___ Records shown
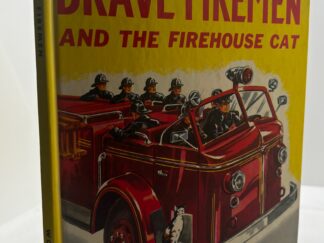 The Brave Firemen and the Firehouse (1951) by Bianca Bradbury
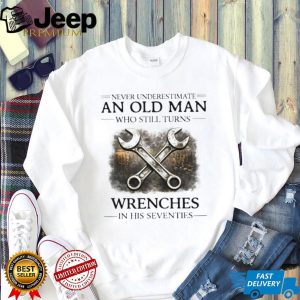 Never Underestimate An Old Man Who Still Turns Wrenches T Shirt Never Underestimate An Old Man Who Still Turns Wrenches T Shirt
______
___ Records shown
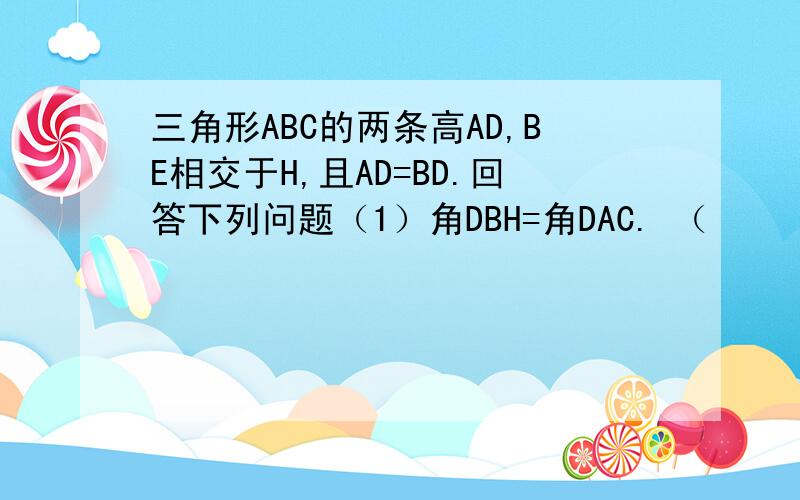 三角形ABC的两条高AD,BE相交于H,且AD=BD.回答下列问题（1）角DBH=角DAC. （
______
**About this task**
Repeat only the stretch of data above that runs from the line with "The Brave Firemen" to the line with "T Shirt Never". Keep both end lines; exclude pictures.

**Written response**
 The Brave Firemen and the Firehouse (1951) by Bianca Bradbury
 Never Underestimate An Old Man Who Still Turns Wrenches T Shirt Never Underestimate An Old Man Who Still Turns Wrenches T Shirt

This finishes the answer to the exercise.